Patients were seen and sampled in the stable state, at exacerbation prior to treatment, and at 7, 14 and 35 days later. Pre-exacerbation baseline samples were not available in 12 patients and post-exacerbation samples were therefore employed; these were obtained a minimum of 42 days after the preceding exacerbation. At each visit, the patients' symptoms were documented, lung function was recorded, and sputum and serum were collected. Spontaneous sputum was used; when no spontaneous sputum was available, patients were induced according to the present authors’ previously described methodology 19. Of the sputum samples taken, 97% were spontaneous. The present authors have previously reported on the equivalence of induced and spontaneous samples for the assessment of airway inflammatory markers 19. Sputum and blood samples were processed within 2 h of collection. Sputum was processed according to a previously described protocol 19, in the absence of dithiothreitol, and the supernatants were stored at -80°C. Peripheral venous blood (7 mL) was collected into a vacutainer tube and centrifuged at 671×g for 10 min at 4°C. The serum was separated and stored at −80°C until later analysis. All exacerbations were treated with bronchodilators, antibiotics and/or oral steroids depending on the clinical severity of the episode, as judged by the attending physician.

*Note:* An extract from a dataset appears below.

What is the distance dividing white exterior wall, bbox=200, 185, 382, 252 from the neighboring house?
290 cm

Measurement of inflammatory markers
Sputum and serum interleukin (IL)-6 and sputum IL-8 were quantified using commercial sandwich ELISA kits (R&D Systems, Abingdon, UK). Serum C-reactive protein (CRP) was measured using an Olympus luminometric analyser (Olympus Life and Material Science Europa GmbH, Hamburg, Germany). All the samples from each patient were measured in the same assay to reduce inter-assay variability. The limit of detection for serum and sputum IL-6 was 0.7 pg·mL−1, for sputum IL-8 it was 10 pg·mL−1, and for serum CRP it was 0.3 mg·L−1. The reported levels of all the sputum mediators are 10-fold dilutions by weight of the original sputum sample.
The Kolmogorov–Smirnov test of normality was applied. Normally distributed data were expressed as mean±sd and skewed data as median (interquartile range (IQR)). Skewed data were log-transformed to obtain a normal distribution. Comparisons between baseline and exacerbation data, and between the different exacerbation visits for symptoms, lung function parameters, and airway and systemic inflammatory markers, were analysed using a paired t-test, an unpaired t-test and Mann–Whitney U-tests as appropriate. Spearman's correlation was used to assess the relationships between changes in airway inflammation and recovery time, and between serum CRP at day 14 and time to next exacerbation. A Chi-squared test was used to compare exacerbation symptoms at the index and recurrent exacerbation. The percentage changes between baseline and the different exacerbation visits for each parameter were calculated.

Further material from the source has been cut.